Die erste Seite des
Landlibells von 1511 (Landes-
regierungsarchiv, Innsbruck) |
Das Landlibell kann als eine die Landesverteidigung regelnde Verfassungsurkunde bezeichnet werden. Sie wurde nach Verhandlungen mit der Tiroler Landschaft, d.h. mit den Tiroler Ständen erlassen. Dementsprechend wird am Ende der Urkunde ausdrücklich festgestellt, daß Maximilian „die vorgenannten Ordnungen und Artikel, die unsere Landschaft beschlossen und sich darüber geeinigt hat, zu gnädigen Wohlgefallen angenommen“ hat.
Die personelle Grundlage dieser Landesverteidigungsordnung bildet das Prinzip der allgemeinen Wehrpflicht aller tauglichen männlichen Untertanen des Landes
Das Aufgebot erfolgt einerseits gerichtsweise bzw. durch die Gerichtsobrigkeit eines jeden Gerichtsbezirkes, andererseits in Entsprechung zum Grad der Bedrohung des Landes in fünf gestaffelten Aufgeboten.

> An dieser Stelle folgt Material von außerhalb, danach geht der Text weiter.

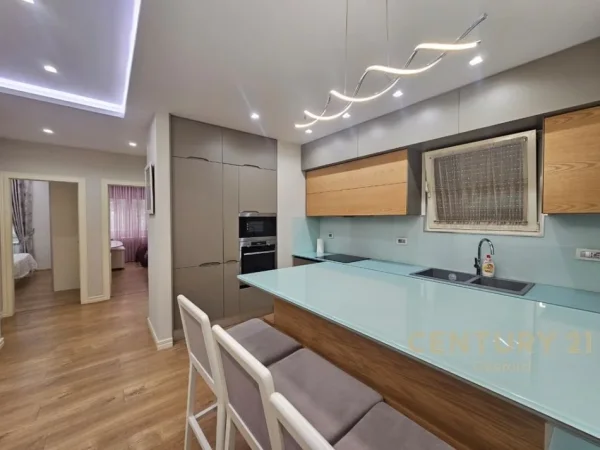 Tirane, shitet apartament 2+1 Kati 3, 102 m² 170.000 € (Rruga Abaz Dojaka)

Das erste Aufgebot umfaßte in Summe höchstens 5000 Mann, das zweite Aufgebot 10.000 Mann, das dritte 15.000 und das vierte Aufgebot 20.000 Mann. „Wenn aber die Feindesgefahr so groß und überraschend ist, daß die Streitmacht von 20.000 Mann nicht rechtzeitig ins Feld kommt, … so sollen inzwischen die der Gefahr am nächsten Befindlichen aus allen Ständen zuziehen und solange bleiben, bis die obgenannten 20.000 Mann ins Feld kommen.“ Dieses fünfte oder letzte Aufgebot sollte durch „Glockenstreich“ d.h. durch Sturmgeläute aufgerufen werden. Diejenigen aber, „welche nach solchem Glockenstreich oder glaubhaften schriftlichen Aufforderungen nicht zuziehen, sollen an Leib und Gut bestraft werden.“
Während also die Tiroler Landstände die Mannschaften für die Aufgebote stellten, übernahm der Landesfürst die Verpflichtung, „Vorsorge zu treffen für die notwendigen Geschütze, Pulver, Kugeln, Werkleute, Büchsenmeister, auch Harnisch und Wehr und anderes Kriegsmaterial, desgleichen, daß die Kästen (d.h. die Magazine) mit Getreide, Fütterung und Mehl ausreichend versehen“ sind. Auch die Instandhaltung der Befestigungsanlagen an den Landesgrenzen war landesfürstliche Aufgabe.
Abgesehen von dieser Aufteilung der Pflichten zwischen Landschaft und Landesfürst enthält das Landlibell auch gegenüber dem Landesfürsten die einschränkenden Bestimmungen, wonach er einerseits künftig ohne Wissen und Bewilligen der Landstände keinen Krieg anfangen solle oder wolle, der Tirol betreffe. Andererseits nimmt er zur Kenntnis, daß die Landstände bzw. Tirols Wehrmänner „nicht schuldig und verpflichtet sein, mit solcher ihrer Hilfe des kleinen oder großen Anschlags (bzw. Aufgebots) a u s unserem Land zu ziehen, sondern diese Hilfe einzig und allein als Hilfe zu Verteidigung, Widerstand gegen die Feinde und Bewahrung des Landes“ in Anspruch genommen werden kann.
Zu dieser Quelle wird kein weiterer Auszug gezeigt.